The task:
Using the data below, restate exactly every line from the one with "JYLH JOYSEEKER Mobile" up to and including the one with "Proverbes 16:3 Carte postale Écriture". No picture belongs in it.

Materials provided:
______
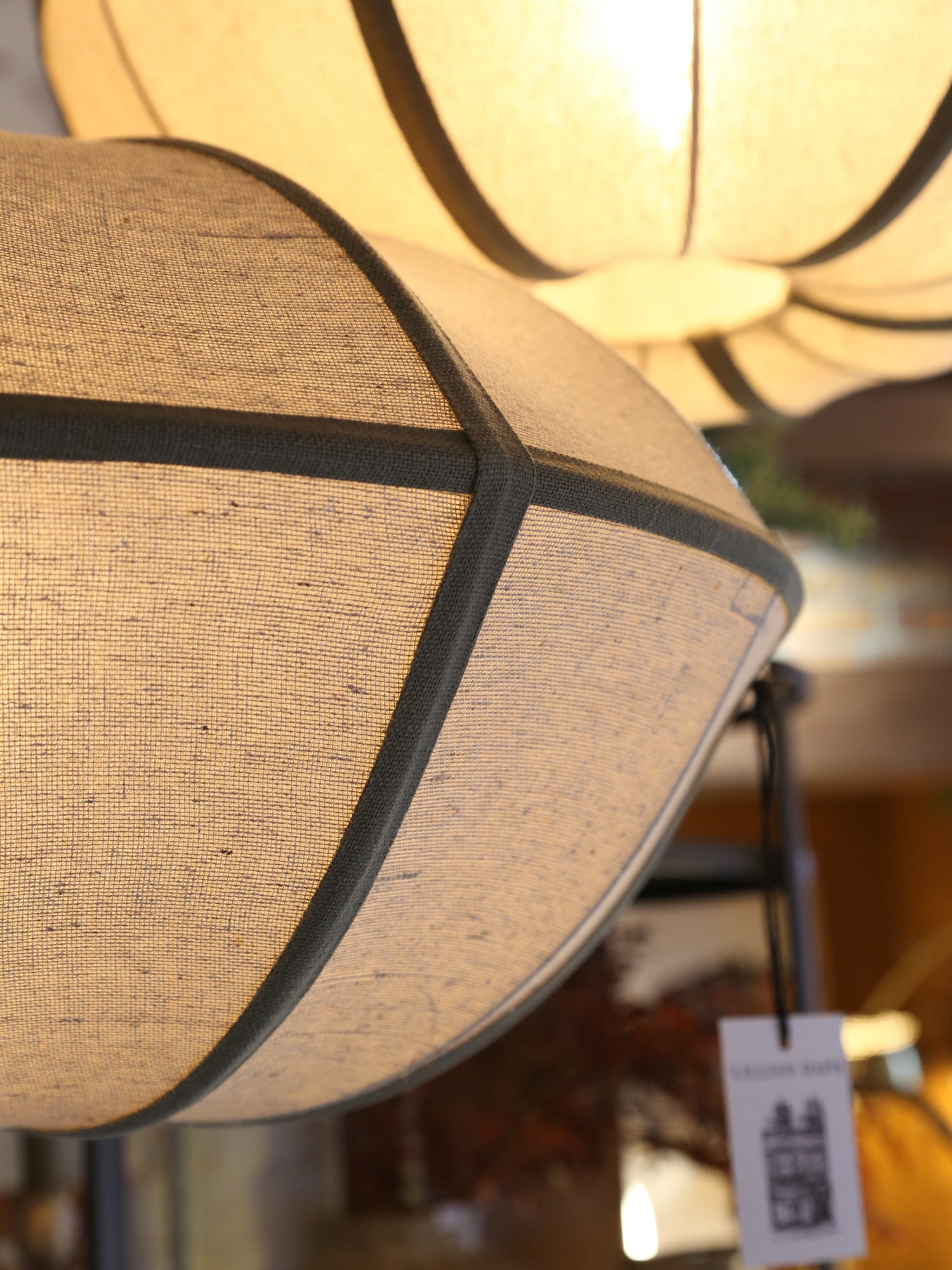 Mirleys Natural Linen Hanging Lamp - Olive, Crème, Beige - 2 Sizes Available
______
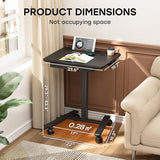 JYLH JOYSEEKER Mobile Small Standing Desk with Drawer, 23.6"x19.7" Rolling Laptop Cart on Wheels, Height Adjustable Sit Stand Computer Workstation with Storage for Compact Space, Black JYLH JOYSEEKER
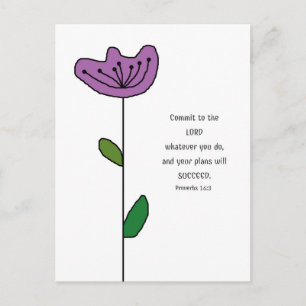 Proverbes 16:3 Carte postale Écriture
______
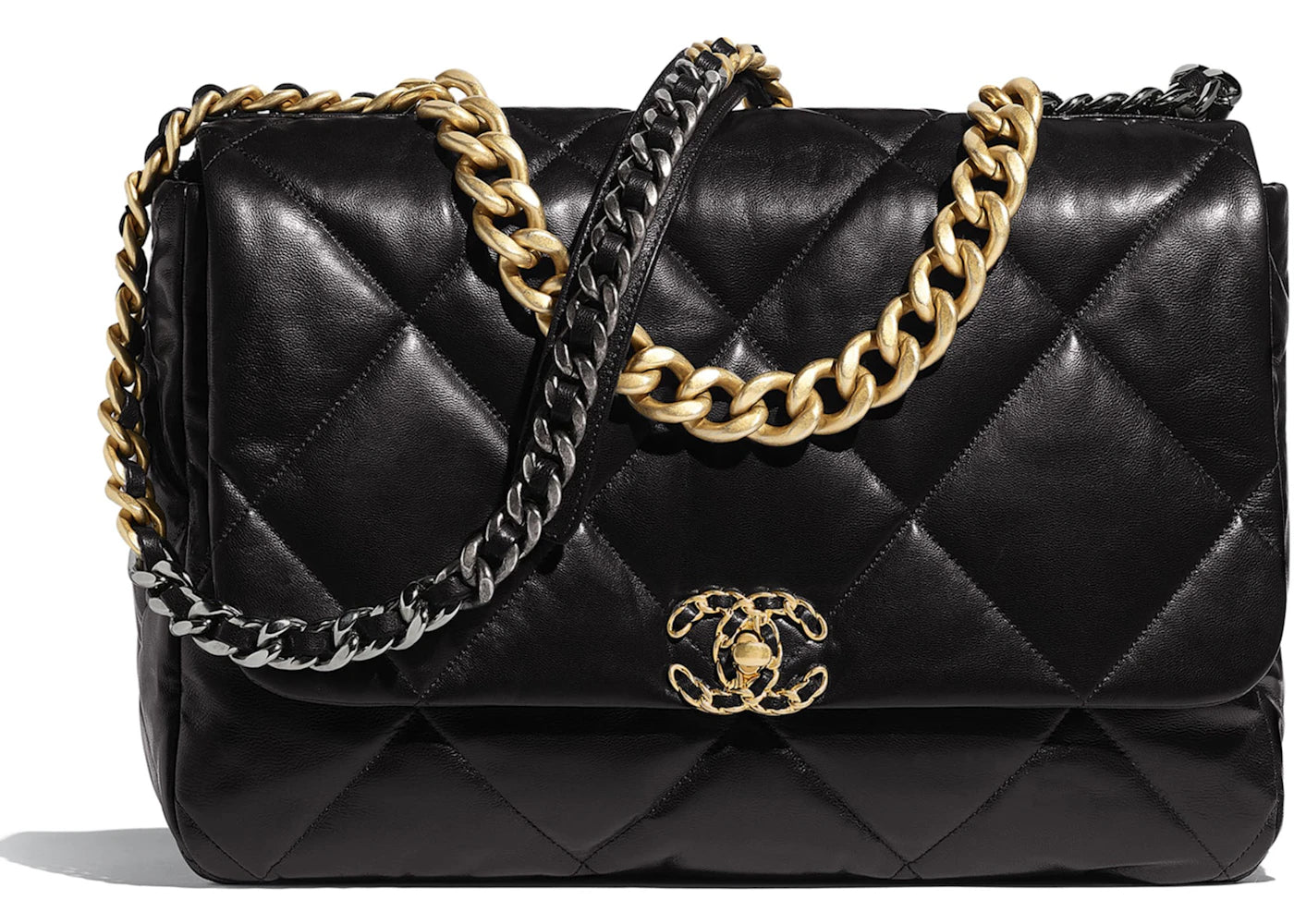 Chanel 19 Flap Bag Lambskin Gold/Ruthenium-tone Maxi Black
______
Written solution:
 JYLH JOYSEEKER Mobile Small Standing Desk with Drawer, 23.6"x19.7" Rolling Laptop Cart on Wheels, Height Adjustable Sit Stand Computer Workstation with Storage for Compact Space, Black JYLH JOYSEEKER
 Proverbes 16:3 Carte postale Écriture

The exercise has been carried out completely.